El largo camino hacia la libertad, de lectura sumamente recomendable, es el título de la autobiografía publicada por Nelson Mandela en 1994. Es el relato de sus 27 años en prisión, encerrado por blancos a los que, una vez que salió de la carcel en 1990 y ya elegido presidente pudo haber aplastado sin contemplaciones. No lo hizo. En lugar de eso, se propuso que mediante su ejemplo, los sudafricanos, blancos y negros, comprendieran que debían caminar juntos hacia la libertad, como él había hecho. Y el objetivo era que todos tuvieran una sóla bandera, cantasen un mismo himno y, sobre todo, tuviesen los mismos derechos.
Partiendo de la sobresaliente obra de John Carlin "El Factor Humano", cuya lectura es igual de aconsejable que el libro de Mandela, Invictus es el reflejo de la admiración de Clint Eastwood por el líder sudafricano, por su visión política, su carisma y poder de seducción, y, ante todo, por su capacidad para atraer a las personas, simpatizantes o enemigos, partidarios del CNA o Afrikaneers, a su causa. La película es sobresaliente y, por momentos, realmente emocionante. En todo el metraje se palpa la pasión con la que Clint Eastwood ha afrontado el proyecto. Su genio, intacto a los 80 años, hace el resto.
Es comprensible la admiración que tiene Eastwood por Mandela. Aún más fácil es comprender la devoción que siente Morgan Freeman, que se entrega a su papel de un modo conmovedor, alcanzando probablemente el apogeo de su magnífica carrera. Era el momento adecuado. Freeman tiene aproximadamente la misma edad que Mandela por aquella época, un parecido físico apreciable, con apenas una leve diferencia de altura (1,88 cm de Freeman por 1,83 del ex-presidente) y, ante todo, una enorme capacidad interpretativa. Sus gestos calmados, el encorvamiento de sus hombros, la lánguida caída de sus brazos, la expresividad de su rostro, completan una actuación memorable.
Estéticamente, la película es magnífica. Las escenas de rugby están magistralmente rodadas, algunas de las jugadas son pura poesía, y estoy convencido de que la recreación de los partidos de la Copa del Mundo de 1995 convencerá a todos, les guste o no este "caballeresco" deporte.

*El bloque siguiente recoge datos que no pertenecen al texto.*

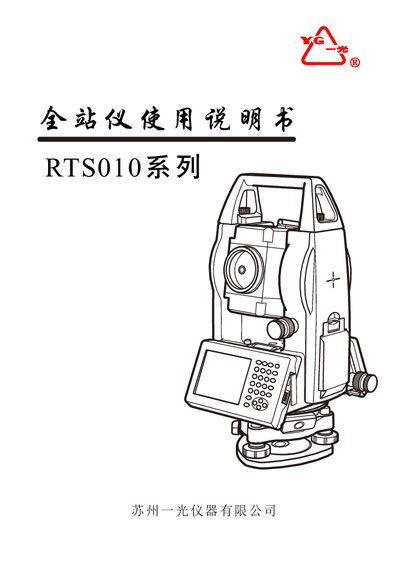 Suzhou Yiguang Instruments RTS010 Total Station User Manual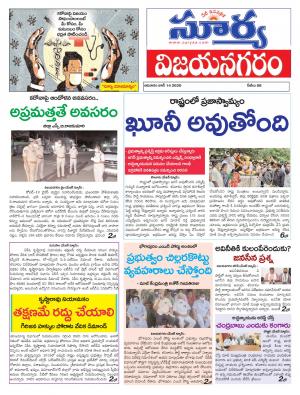 Sunday 14 June, 2020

En cuanto al guión, que es, sin duda, una muy buena adaptación del libro de Carlin, se echa en falta una mayor profundidad en lo referente a los problemas políticos sudafricanos y quizá de las dificiles circunstancias familiares por las que atravesó Mandela. En cambio, Eastwood se ha centrado en el famoso partido de los Springboks contra los All Blacks, y en cómo el presidente vio la final como la oportunidad perfecta para decirle al mundo que el poder del perdón es infinito. Que si él era capaz de tender su mano a aquellos que lo habían encerrado durante 27 años, que habían perseguido a su familia, que habían pretendido y aún pretendían destruirle, sus compatriotas también podían hacerlo.
Eso es lo que simboliza su firme apoyo a los Springboks, símbolo del orgullo blanco y objeto de desprecio por parte de los negros, que siempre han preferido el fútbol, como un deporte de gente humilde, sin recursos, frente al rugby, el deporte de los blancos, educados y privilegiados. Mandela hizo lo impensable. No sólo no permitió la supresión de los Boks como selección nacional, sino que, a través de su capitán, François Pienaar (muy bien interpretado por Matt Damon), logró que los jugadores comprendieran el decisivo papel que jugaban en el futuro de su país.
Aquél 24 de junio de 1995 Sudáfrica logró lo imposible. Venció a la Nueva Zelanda del imparable Jonah Lomu. Por ello Pienaar recibió la merecida copa de manos de Mandela. El presidente había conseguido una victoria mucho más importante. Había dado el primer paso, un paso que la historia revelaría como definitivo, un paso hacia la justicia, hacia la reconciliación de un pueblo. Un paso hacia la libertad.